The ISFI shall use its influence to ensure that the boards of the banks, in which it holds majority share, will draw up a code of conduct including i.a. provisions that specifically address the issue of how to ensure the competitive independence of the bank from other state owned banks.
Contracts regarding specific or general goals in the operation of a state owned banks, cf. paragraph e of Article 4 in Act no. 88/2009, the ISFI is prohibited from making any demands that can directly or indirectly lead to a collusion between these banks on price or service, division of markets, or other market behavior.

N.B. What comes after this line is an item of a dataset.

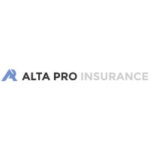 Alta pro insurance logo. blue A, black and grey lettering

The ISFI shall take measures to ensure that any procurement, maintenance and distribution of information by the institution does not affect competition between competitors in which it is a shareholder. This means i.a. that the ISFI shall make sure that confidential information in the hands of the ISFI does not get out to competitors in the market. The institution shall draw up rules regarding the maintenance of information from competitors and publish them on its website. Such rules can for instance contain provisions regarding safeguarding of data, delineation of tasks and access control.
When shares in a bank owned by the State are offered for sale, the ISFI shall ensure that the preparation and sales process does not harm competition between the banks in which it is a shareholder. The institution will not grant competitors of Íslandsbanki on the one hand and Landsbanki on the other hand access to the sales process of the bank in question.
The Ministry of Finance shall make sure that the State Ownership Policy reflects this merger settlement.
3. Definition of independence
Board members and members of the Selection Committee are considered independent if they are not employees or board members of those who have control over other commercial or savings banks in Iceland, are not employees or board members of other commercial or savings banks in Iceland or their subsidiaries, are not domestic partners of board members or managing directors of any of the aforementioned parties nor related lineally to them nor collaterally related to them in the first degree. An individual cannot be considered independent if working as an advisor to any of the aforementioned parties on a regular basis or receives the majority of his/her income from them.
4. Declarations of Selection Committee members and elected Board members
Members of ISFI's Selection Committee and board members elected by the committee shall sign a declaration confirming that they have read and understood this settlement with the Competition Authority and will act in accordance with its provisions and the Competition Act and will not act in any way that could restrict the competitive independence of commercial or savings banks at issue.
A copy of the declaration of each board member shall be sent to the ICA within 30 days after nomination to either ISFI Selection Committee or to the board of a bank.
5. Reporting to the ICA
The ISFI shall prepare a report regarding the implementation of this settlement and send it to the ICA no later than 31st December 2016.
[ The ISFI is the Icelandic State‘s holding company for shares in financial companies.]